Plainly stated, pollinators do the work we can’t. It’s impossible for us to properly pollinate one-third of the world’s population of plants. Even if we were physically able to do it, we just simply wouldn’t have the manpower.
In addition, we can’t rebuild entire ecosystems. When portions of them are lost, they become extinct. Protecting them is vital to the delicate structure of our world.
Our dependence on pollinators is vital to our ability to thrive as humans, and our ability to have a thriving, healthy planet. At Gaia Herbs, we depend on pollinators to help sustain the herbs we grow on our farm.
Echinacea, Vervain, Valerian, Ashwagandha, Holy Basil, and many other medicinal and adaptogenic herbs rely on pollinators for growth. Without them, we can’t produce the certified organic, pure, and potent herbal supplements you trust for total body care.
The Gaia Difference
We founded our company on the principle of doing right by both plants and people, and never sacrificing one principle for the other. We honor the wisdom of nature and understand we are all connected. We honor and protect the parts of nature that can’t speak for themselves, including pollinators.
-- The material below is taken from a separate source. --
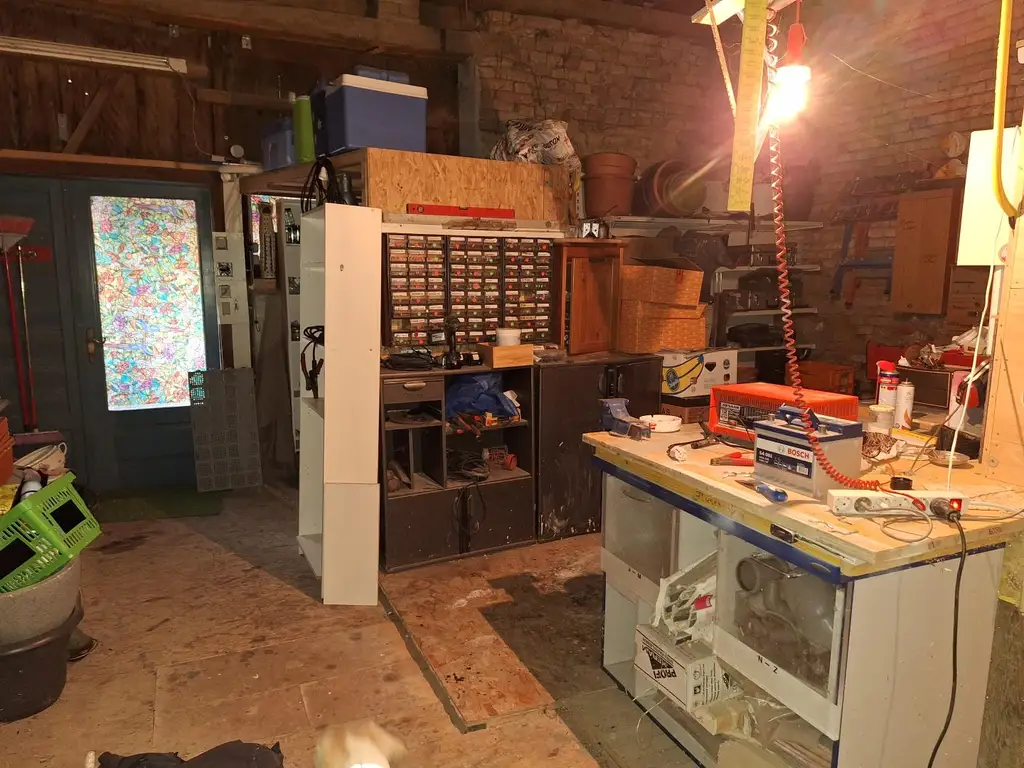 Villa Kunterbunt für Heimwerker / interessantes, kreatives und fröhliches Einfamilienhaus mit 5 Zimmern in ruhiger Seitengasse.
We have always and continue to employ organic farming practices, not just for our customers, but in honoring Gaia herself and all creatures with whom we share the planet. We appreciate and understand the significance of every person, every bee, and every butterfly. Every living thing has a specific and purposeful reason for existence, and our work is to honor and acknowledge it.
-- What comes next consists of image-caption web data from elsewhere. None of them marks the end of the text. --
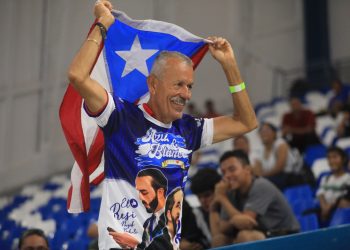 «Los salvadoreños tienen el mejor presidente que hay en el mundo. Lo felicito por estos juegos»: José Romero, puertorriqueño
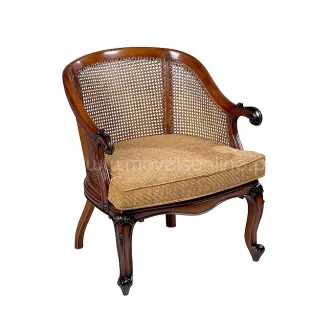 Cadeirão Brasil em madeira com encosto em palhinha e almofada bege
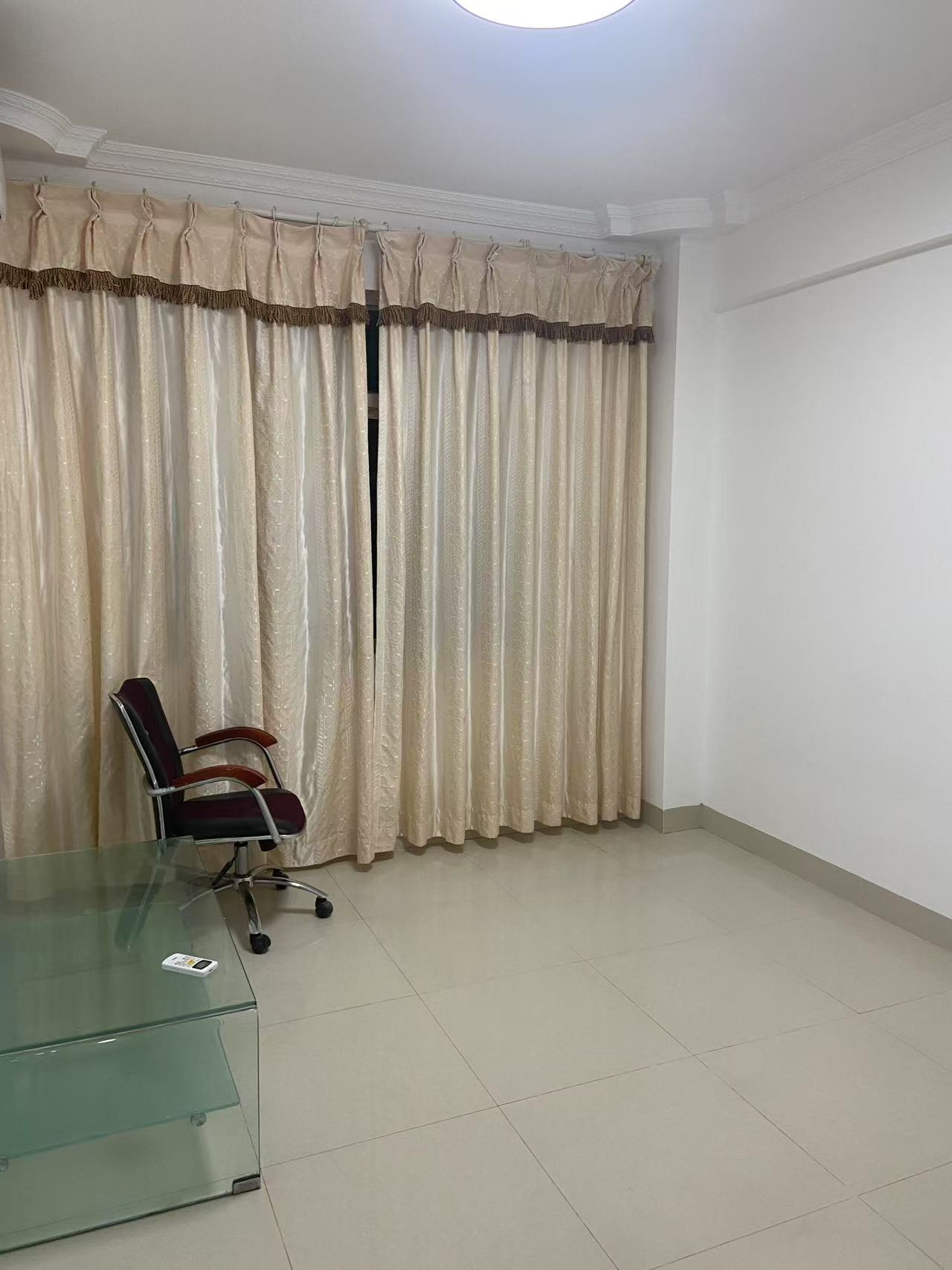 农垦一供大院  3室2厅2卫    2300.0元/月 农垦一供大院  3室2厅2卫    2300.0元/月室内图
How We’re Helping Pollinators
Because pesticide use threatens pollinators, we maintain 350 acres of pesticide-free food for our pollinators. We do not use any insecticides, and encourage pollinators on our farm.
We also maintain beehives on our farm in an effort to actively support pollinators and pollinator communities. As a result, we have access to nutrient dense, delicious honey and more fertile, healthy plants. Because our organic farm requires an integrated pest management plan that does not use pesticides, that’s another opportunity for us to support pollinators.
What You Can Do
You can participate in pollinator conservation at home and do your part to ensure these important animals continue to thrive. Here are three pollinator-positive ideas to get you started.
- Plant a pollinator garden: Planting a pollinator habitat that features native wildflowers can help support and encourage pollinators to grow and reproduce. Milkweed, for example, is the preferred breeding plant for monarch butterflies.
- Buy products from companies that support pollinators: Companies like Gaia Herbs are investing energy and financial support to help pollinators thrive. Give back by supporting these companies.
- Stay informed: Check out publications that cover pollination issues. The Xerces Society has a wealth of information about pollinators and what is being done to help protect them.
Small steps make big differences. We can help protect the pollinators and encourage a healthier habitat for them and us.